• Material provided:
==*==

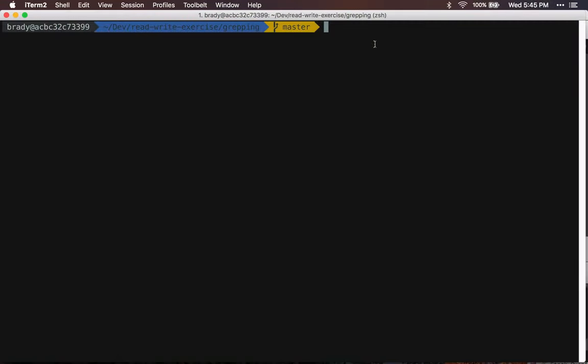So recently I had to grep for files that were containing a certain phrase but I only really cared about the file names.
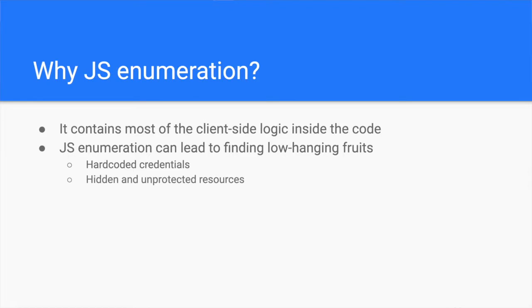Sloppy coding can include hard-coded credentials, hidden web page URLs with no authentication, or even backend API endpoints with broken access control flaws. For example, by simply enumerating the code for API endpoints, you can find some unprotected ones.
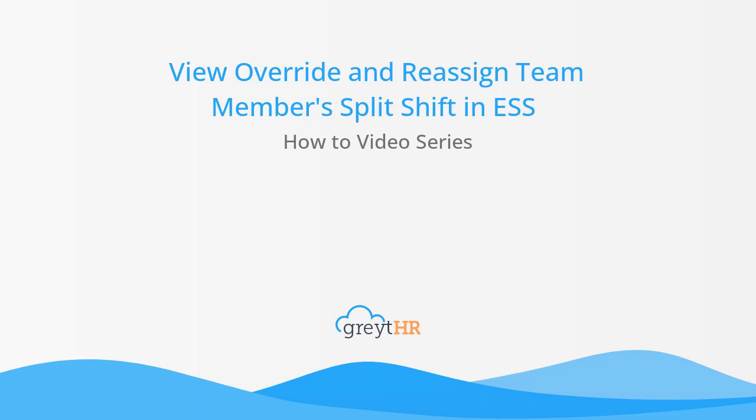Welcome to our video in the Great HR Split Shift Functionality Series, where we unearth the topic of how managers can effectively handle their team members' split shifts. We will examine potential scenarios that may arise for a manager and learn how to address them proficiently.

==*==

• Exercise brief:
Your response must reproduce every line of the data exactly, with images omitted.

• Response to the task:
So recently I had to grep for files that were containing a certain phrase but I only really cared about the file names.
Sloppy coding can include hard-coded credentials, hidden web page URLs with no authentication, or even backend API endpoints with broken access control flaws. For example, by simply enumerating the code for API endpoints, you can find some unprotected ones.
Welcome to our video in the Great HR Split Shift Functionality Series, where we unearth the topic of how managers can effectively handle their team members' split shifts. We will examine potential scenarios that may arise for a manager and learn how to address them proficiently.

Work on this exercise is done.